YOUR OBJECTIVE: Write out the listing from the line with "In this short" to the line with "Market analysts have", both lines included, exactly and nothing beyond. Leave pictures out.

TASK INPUTS:
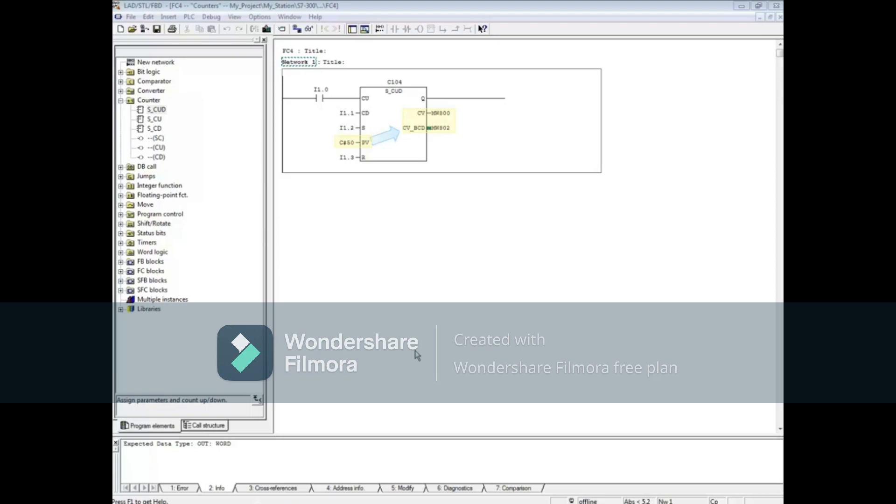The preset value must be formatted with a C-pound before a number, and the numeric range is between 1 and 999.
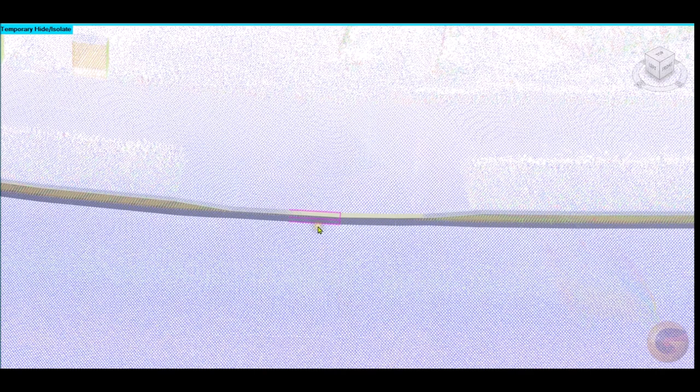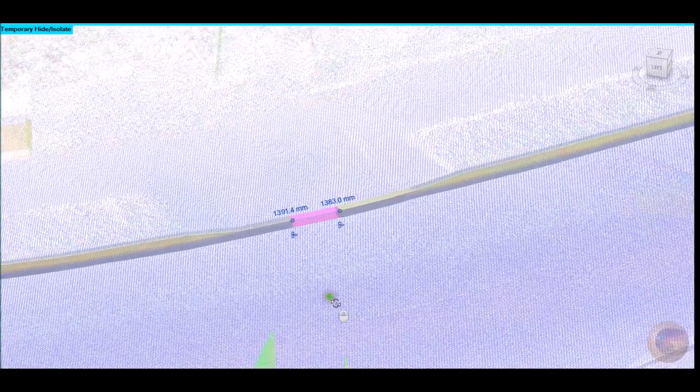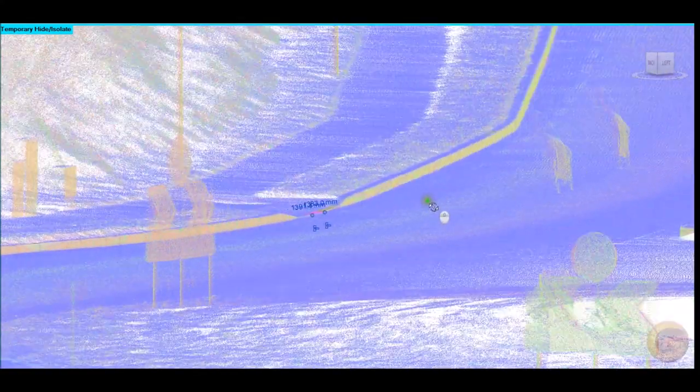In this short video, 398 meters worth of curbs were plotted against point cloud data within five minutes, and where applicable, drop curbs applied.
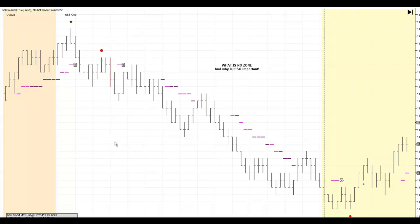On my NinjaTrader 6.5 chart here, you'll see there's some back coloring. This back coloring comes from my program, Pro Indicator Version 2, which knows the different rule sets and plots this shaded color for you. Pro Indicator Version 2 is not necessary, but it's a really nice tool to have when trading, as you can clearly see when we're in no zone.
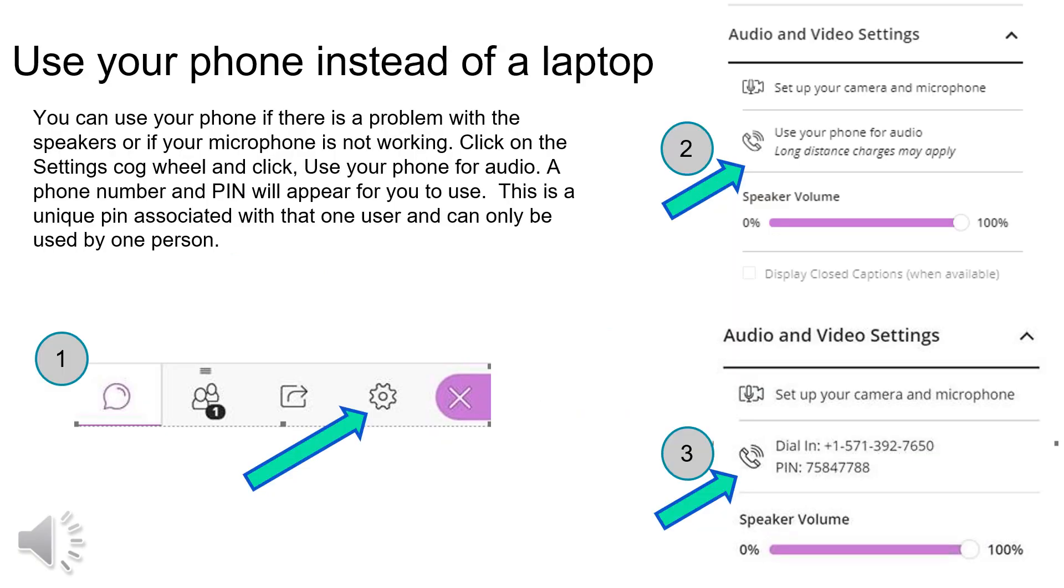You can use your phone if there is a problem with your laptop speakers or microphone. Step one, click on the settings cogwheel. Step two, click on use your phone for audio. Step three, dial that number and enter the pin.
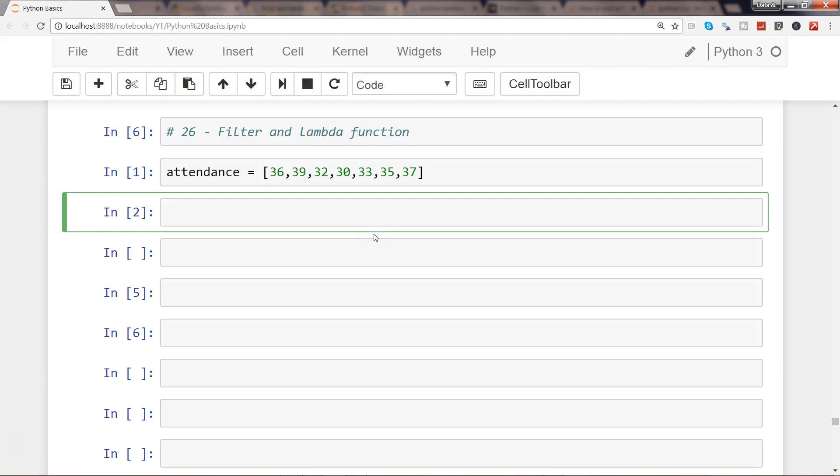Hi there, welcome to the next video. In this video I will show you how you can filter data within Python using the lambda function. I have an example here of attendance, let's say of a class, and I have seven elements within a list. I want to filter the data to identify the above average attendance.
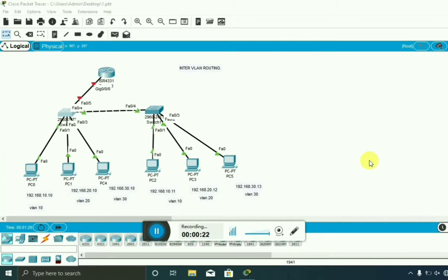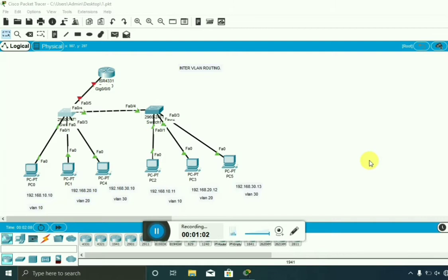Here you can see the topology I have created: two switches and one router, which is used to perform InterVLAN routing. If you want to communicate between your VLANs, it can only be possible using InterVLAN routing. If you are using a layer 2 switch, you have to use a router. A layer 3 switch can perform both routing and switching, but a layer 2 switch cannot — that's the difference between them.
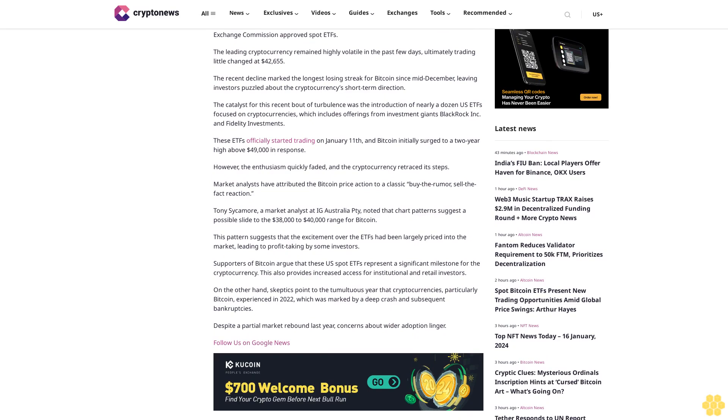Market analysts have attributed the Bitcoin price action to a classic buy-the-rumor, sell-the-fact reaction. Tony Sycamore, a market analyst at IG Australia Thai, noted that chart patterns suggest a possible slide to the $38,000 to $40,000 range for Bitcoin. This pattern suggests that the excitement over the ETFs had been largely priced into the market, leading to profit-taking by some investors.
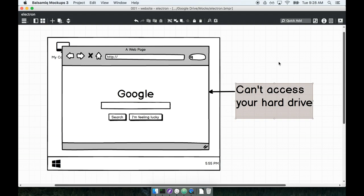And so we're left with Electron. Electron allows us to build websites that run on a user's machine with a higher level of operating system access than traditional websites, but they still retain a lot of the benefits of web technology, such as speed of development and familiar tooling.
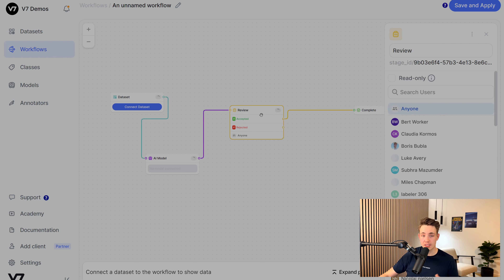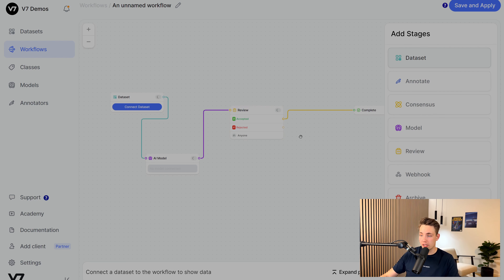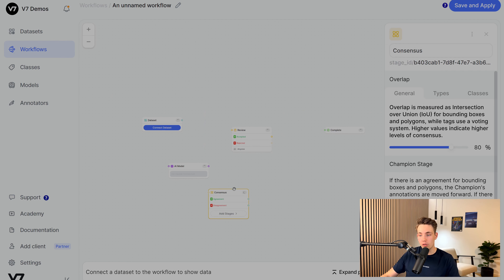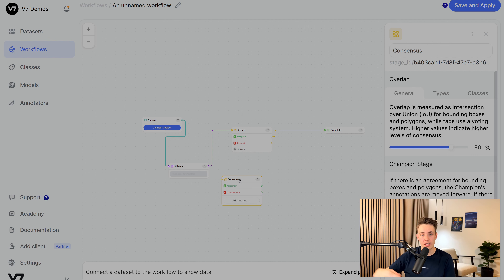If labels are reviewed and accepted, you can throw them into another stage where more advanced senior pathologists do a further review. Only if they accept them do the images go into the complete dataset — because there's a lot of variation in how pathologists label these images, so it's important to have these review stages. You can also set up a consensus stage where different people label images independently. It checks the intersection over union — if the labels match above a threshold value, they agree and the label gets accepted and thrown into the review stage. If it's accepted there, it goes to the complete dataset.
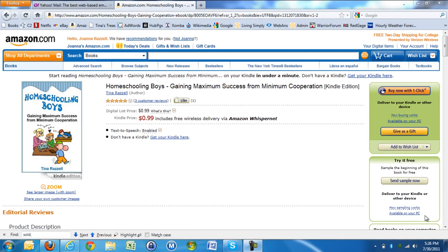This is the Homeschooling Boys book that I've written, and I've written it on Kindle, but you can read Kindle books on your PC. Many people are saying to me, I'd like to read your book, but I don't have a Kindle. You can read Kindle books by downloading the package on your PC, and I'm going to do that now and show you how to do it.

ANSWER TO THE EXERCISE:
In this short video, 398 meters worth of curbs were plotted against point cloud data within five minutes, and where applicable, drop curbs applied.
On my NinjaTrader 6.5 chart here, you'll see there's some back coloring. This back coloring comes from my program, Pro Indicator Version 2, which knows the different rule sets and plots this shaded color for you. Pro Indicator Version 2 is not necessary, but it's a really nice tool to have when trading, as you can clearly see when we're in no zone.
You can use your phone if there is a problem with your laptop speakers or microphone. Step one, click on the settings cogwheel. Step two, click on use your phone for audio. Step three, dial that number and enter the pin.
Hi there, welcome to the next video. In this video I will show you how you can filter data within Python using the lambda function. I have an example here of attendance, let's say of a class, and I have seven elements within a list. I want to filter the data to identify the above average attendance.
Here you can see the topology I have created: two switches and one router, which is used to perform InterVLAN routing. If you want to communicate between your VLANs, it can only be possible using InterVLAN routing. If you are using a layer 2 switch, you have to use a router. A layer 3 switch can perform both routing and switching, but a layer 2 switch cannot — that's the difference between them.
Market analysts have attributed the Bitcoin price action to a classic buy-the-rumor, sell-the-fact reaction. Tony Sycamore, a market analyst at IG Australia Thai, noted that chart patterns suggest a possible slide to the $38,000 to $40,000 range for Bitcoin. This pattern suggests that the excitement over the ETFs had been largely priced into the market, leading to profit-taking by some investors.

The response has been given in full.